In perhaps more trouble for the Ashok Gehlot government, the doctors held a meeting after the protest march and “unanimously decided that the private hospitals won’t implement any government schemes, such as Chiranjeevi and Rajasthan Government Health Scheme (RGHS), in future,” said Dr Vijay Kapoor, secretary of Private Hospital and Nursing Home Society (PHNHS).
He said, “If the Bill is not withdrawn, then it will be difficult to control the enraged medical fraternity”.
There is apprehension among resident doctors that the government may crack down on them. Leading a delegation of doctors, Dr Kapoor met SMS principal Dr Rajeev Bagarhatta on Monday, asking him that the protesting government doctors and residents should “not be pressured, and any action against them will only lead to more anger.”
Dr Chitresh Shekhawat, spokesperson of Jaipur Association of Resident Doctors (JARD), said that, “we are not scared of any action. We are only talking about our legitimate demands and point to point.”
Monday was also observed as a ‘Black Day’ by The Indian Medical Association (IMA), which had announced a nationwide protest against the Bill to show solidarity with the doctors in Rajasthan. The on-going week has also been declared as a ‘Black Week’ by the Federation of Resident Doctors Association (FORDA) to protest RTH.
However, some private hospitals in Jaipur, such as Mahatma Gandhi hospital, JNU hospital and NIMS hospital, have not joined the protests called by the private hospitals. Chhaya Pachauli of Jan Swasthya Abhiyan, which was instrumental in the drafting of the Bill, claimed that the number of protestors was swelled by including those who are not even doctors. Sharing an appeal issued by a caste organisation, Pachauli asked “what is the link between a caste and the RTH Bill? What benefit will the community get if the law is suspended? Why is a caste group calling its people to join a doctors’ rally?”

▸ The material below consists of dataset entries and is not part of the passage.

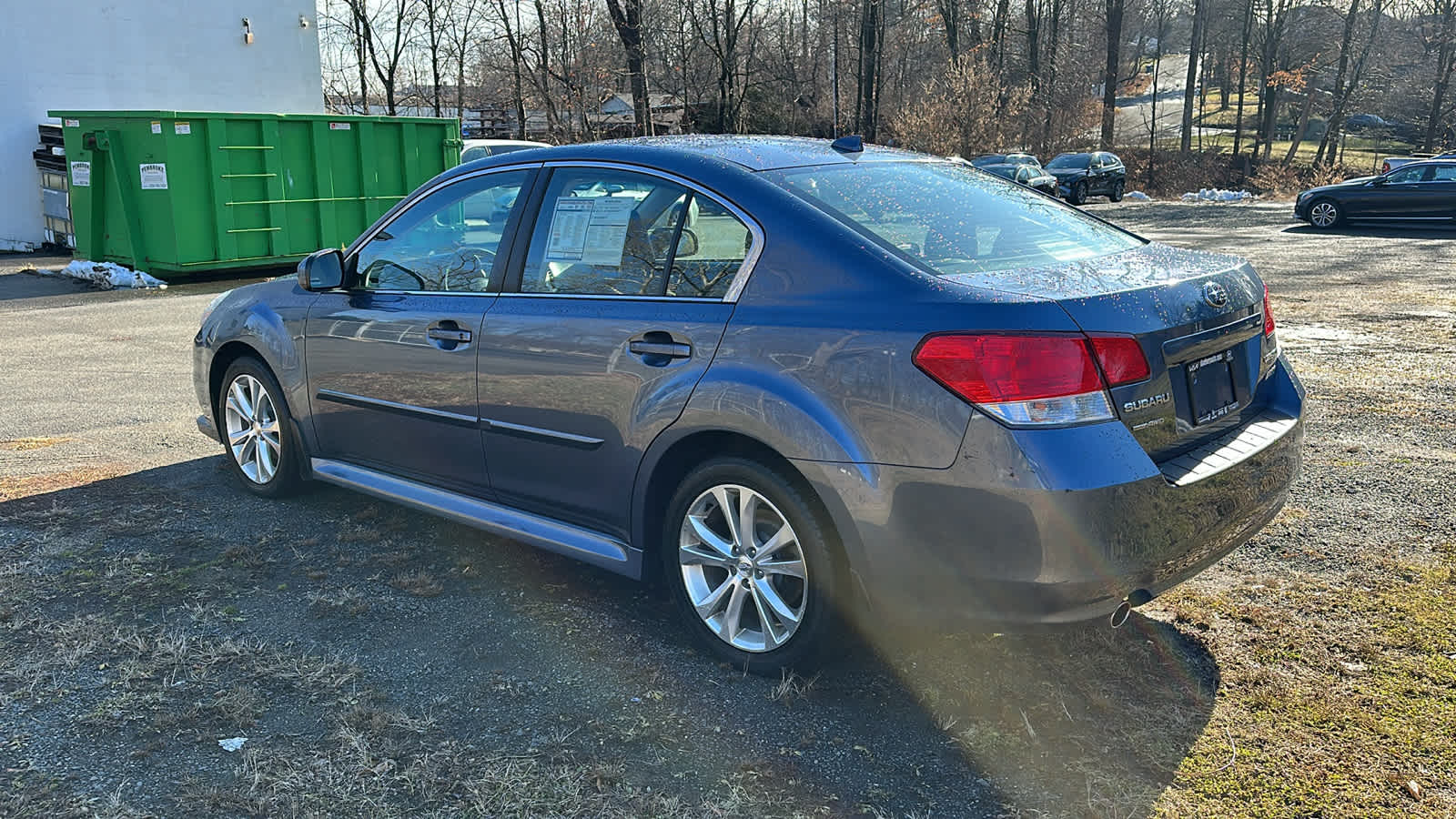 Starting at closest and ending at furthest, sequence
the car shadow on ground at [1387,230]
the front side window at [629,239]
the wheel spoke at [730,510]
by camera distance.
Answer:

Meanwhile, the government is focusing on getting resident doctors to return. A government official said that while the channels are “always” open and they are ready to engage with private doctors and hospitals, “they should understand that there is a process to the law, it can’t be rolled back by the state government.”
“There are a lot of confusions which are created due to some communication gap, so we are trying to address them,” the official said.